Original Article

XXX is a young man that plays Bantam AAA hockey for the San Jose jr. Sharks. He is assistant captain and is tied for second in goal scorin on the team. XXX has been offered many chances to go to schools in Canada and play for that team. Word is, XXX will play Midget 16AAA for the Sharks then go play in the USHL. He will most likely be a top round draft pick. Most say XXX has a chance to go play in the NHL. Scouts say he will probably be a top round draft pick along with his teamate and current captain, YYY. YYY is the one that is tied with XXX in goals and they both trail ZZZ.

Nomination Criteria

A7 An article about a real person, an organization (e.g. band, club, company, etc., except schools), or web content that does not indicate why its subject is important or significant. This is distinct from verifiability and reliability of sources, and is a lower standard than notability. A7 applies only to articles about web content and to articles about people and organizations themselves, not to articles about their books, albums, software and so on. A7 does not apply to any article that makes any credible claim of significance or importance even if the claim is not supported by a reliable source. If the claim's credibility is unclear, you can improve the article yourself, propose deletion, or list the article at articles for deletion.

Deletion Options

Deletion Option
rationale Count Percent
Agree with ratioinale to speedy delete. 40 44.9
Disagree with rationale to speedy delete, but deletable by other criteria. 5 5.6
Disagree with rationale to speedy delete, but this is a case where IAR applies. 2 2.2
Disagree with speedy deletion article makes claim to notability in as a top draft prospect. 42 47.2

Survey Comments

Deletion Option
Common rationale Count
AFD 4
PROD 3

Balloonman's analysis

Of all the CSD criteria, A7 is my least favorite. A7 seems to be the one that tends to bite newbies the most. People will start an article, such as this one, and save it only to have it speedily deleted. Personally, I wish A7 were only applied to "clear vanity" articles. As is, speedily deleting this article is already a controversial decision. Almost half of the people who reviewed this article believe there is already enough to preserve the article. CSD should only be exercised in cases that would be uncontroversial.

So why would this be inappropriate:

Per policy, even though this article may not meet our notability guideline, it does not have to in order to avoid speedy deletion. The policy explicitly states that the criteria is a lower standard than notability and only has to make a credible claim of significance or importance.

Some people would argue that this article would be deleted at AFD, thus IAR would apply.
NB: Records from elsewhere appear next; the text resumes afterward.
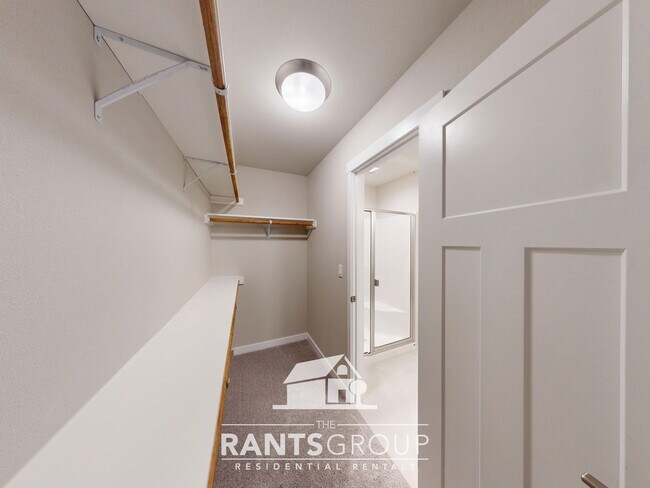 Building Photo - Beautiful New Home in Bradbury Subdivision! Easy I5 Access!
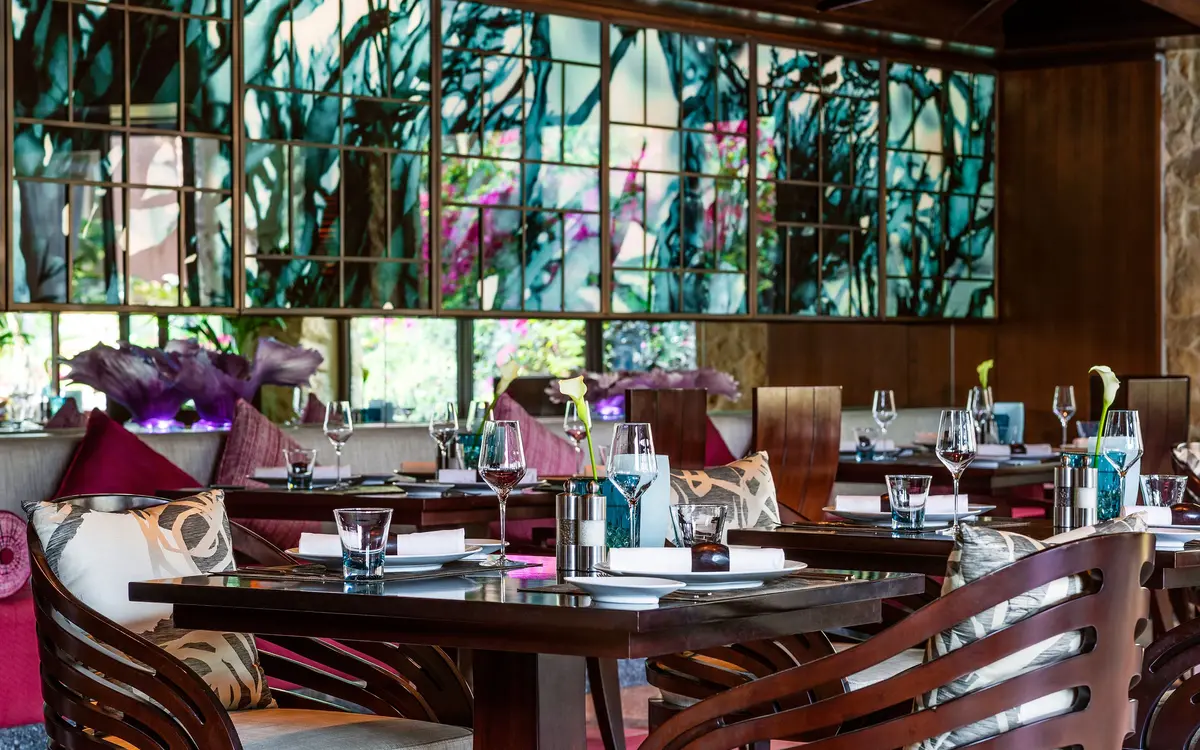 Luxusgolfferien im One&Only Royal Mirage Dubai Indoor Restaurant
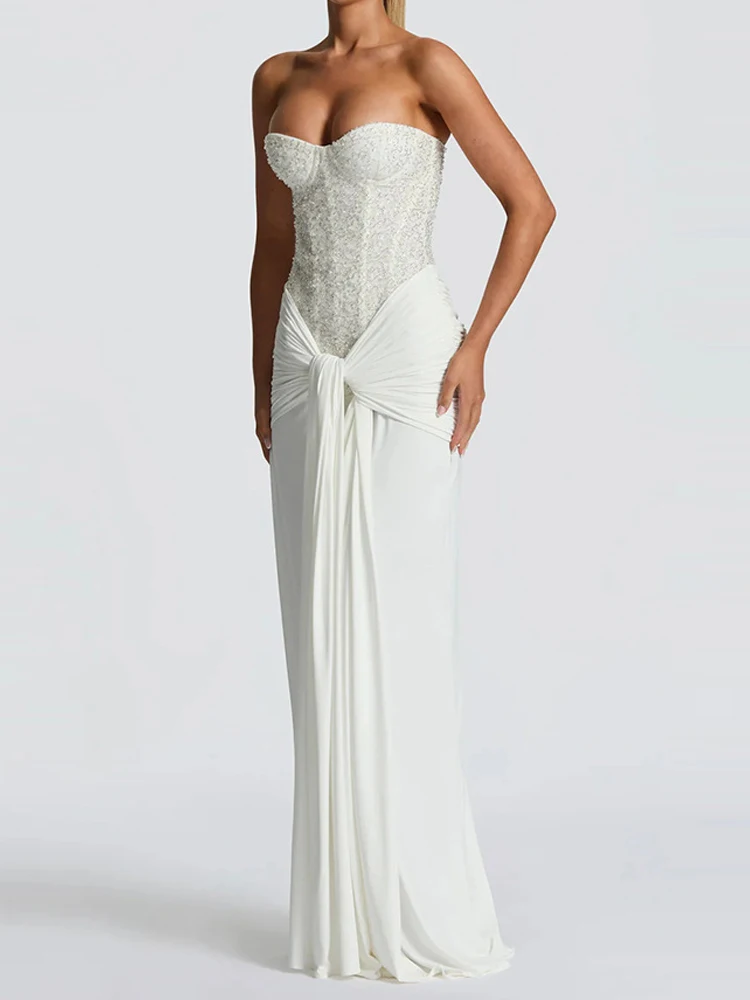 女性のセクシーなストラップレスノースリーブイブニングドレスファッションウエストスリムソリッドウェディングドレスエレガントなスパンコールスプライシングプリーツロングドレス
But appealing to IAR in this case, is a misapplication of IAR. IAR is not a blank slate to rewrite policies and guidelines, nor is it permission to ignore policy that is explicitly written. The policy explicitly states that the criteria is a lower standard than notability and only has to make a credible claim of significance or importance.

The CSD criteria is strict to ensure that controversial deletions are avoided. This is necessary to protect the project and to give authors every chance to salvage articles. The odds are that this article will be deleted at AFD, heck it might even be closed early due to a snowball. BUT by sending it to AFD or PRODDING it, you do a few things:

1) You give the author a chance to salvage the article. 2) You give the author the sense that due process was served. If the article is speedily deleted, the author may feel bitten.